In 1984 the educational psychologist Benjamin Bloom published a famous observation: students who received 1:1 tutoring performed on average two standard deviations (2 sigma) better than students in conventional classrooms. That does not mean the top 2% got better — it means an average classroom student rose to roughly the top 2% level. The problem was cost: you cannot give everyone a personal tutor. Bloom called this the "2 sigma problem," and for forty years it remained the holy grail of educational technology.

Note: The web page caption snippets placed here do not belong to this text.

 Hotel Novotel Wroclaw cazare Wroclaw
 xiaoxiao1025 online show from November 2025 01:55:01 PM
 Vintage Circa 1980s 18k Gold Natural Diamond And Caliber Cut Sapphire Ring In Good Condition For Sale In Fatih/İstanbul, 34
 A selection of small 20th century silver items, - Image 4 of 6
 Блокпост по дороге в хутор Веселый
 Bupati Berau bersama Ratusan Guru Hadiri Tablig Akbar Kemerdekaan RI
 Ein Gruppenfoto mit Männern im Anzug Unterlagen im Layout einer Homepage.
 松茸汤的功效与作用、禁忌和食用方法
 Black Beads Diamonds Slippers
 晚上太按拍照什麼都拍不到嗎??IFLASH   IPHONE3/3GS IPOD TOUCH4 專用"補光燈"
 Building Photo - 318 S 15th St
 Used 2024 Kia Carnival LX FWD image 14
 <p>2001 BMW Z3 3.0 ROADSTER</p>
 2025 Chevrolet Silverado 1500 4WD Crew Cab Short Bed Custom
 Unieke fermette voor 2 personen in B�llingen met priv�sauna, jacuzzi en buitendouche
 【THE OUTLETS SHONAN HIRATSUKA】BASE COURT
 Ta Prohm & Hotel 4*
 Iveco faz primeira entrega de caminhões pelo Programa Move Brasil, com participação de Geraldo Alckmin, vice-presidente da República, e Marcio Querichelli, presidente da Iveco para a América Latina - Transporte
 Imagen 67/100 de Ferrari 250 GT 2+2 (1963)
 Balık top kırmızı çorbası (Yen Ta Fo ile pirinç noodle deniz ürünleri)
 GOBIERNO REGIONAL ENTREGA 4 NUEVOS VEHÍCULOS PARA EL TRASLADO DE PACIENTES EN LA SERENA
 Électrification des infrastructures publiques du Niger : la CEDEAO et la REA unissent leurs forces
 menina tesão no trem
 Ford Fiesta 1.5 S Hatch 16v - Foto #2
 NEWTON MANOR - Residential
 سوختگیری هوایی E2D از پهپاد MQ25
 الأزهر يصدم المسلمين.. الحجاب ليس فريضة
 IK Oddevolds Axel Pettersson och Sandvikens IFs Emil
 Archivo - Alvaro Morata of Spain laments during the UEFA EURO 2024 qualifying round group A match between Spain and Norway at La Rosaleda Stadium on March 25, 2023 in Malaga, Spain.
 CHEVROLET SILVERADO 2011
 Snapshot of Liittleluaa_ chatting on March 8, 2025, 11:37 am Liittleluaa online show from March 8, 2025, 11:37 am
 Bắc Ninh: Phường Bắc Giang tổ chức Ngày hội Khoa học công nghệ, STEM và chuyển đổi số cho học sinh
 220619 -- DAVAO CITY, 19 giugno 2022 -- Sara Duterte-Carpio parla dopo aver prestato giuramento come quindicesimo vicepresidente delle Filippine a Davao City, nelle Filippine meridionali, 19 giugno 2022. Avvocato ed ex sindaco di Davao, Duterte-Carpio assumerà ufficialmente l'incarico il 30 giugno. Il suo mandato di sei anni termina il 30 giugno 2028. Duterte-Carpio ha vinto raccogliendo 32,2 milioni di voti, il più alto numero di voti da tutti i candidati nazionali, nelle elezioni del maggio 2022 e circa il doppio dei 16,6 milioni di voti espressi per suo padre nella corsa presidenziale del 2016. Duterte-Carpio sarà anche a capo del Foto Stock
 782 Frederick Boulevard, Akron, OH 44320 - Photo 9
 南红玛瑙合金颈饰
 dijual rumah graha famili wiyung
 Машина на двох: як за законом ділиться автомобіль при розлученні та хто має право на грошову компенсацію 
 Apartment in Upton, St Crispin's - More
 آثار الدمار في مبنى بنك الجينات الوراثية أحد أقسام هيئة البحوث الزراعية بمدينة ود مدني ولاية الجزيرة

LLMs are the closest tool yet to that grail. You now have a partner with infinite patience, tuned to your level, available at any hour. But there is a trap: used wrongly, AI does not help you study — it studies instead of you. This article names the traps first, then lays out eight usage patterns grounded in learning science, each with a prompt. It is the final part of the trilogy, following the role knowledge map and the interview playbook.

The Traps First — Three Ways AI Ruins Studying

The fluency illusion. As the secrets of memory showed, reading a well-written explanation produces the feeling of knowing, but that feeling is not memory. Because AI explanations are unusually smooth, the illusion gets stronger. The gap between understanding-while-reading and being able to reproduce it yourself only reveals itself in the exam room or the interview.

Generation dependence. The core of the testing effect from Roediger and Karpicke's research is that memory is built not by input but by retrieval. When AI generates the answer, your retrieval practice disappears wholesale. It is the same reason your coding muscles do not grow when AI writes all the code.

Hallucination and uncritical absorption. LLMs are wrong in plausible ways — especially with numbers, recent information, API details, and paper citations. Absorb without a verification habit and you accumulate misconceptions bundled with confidence.

The common antidote to all three traps is one sentence: don't make the AI answer — make it question you.

Technique 1 — The Socratic Tutor

The foundational setup: explicitly cast the AI as a tutor who never gives the answer.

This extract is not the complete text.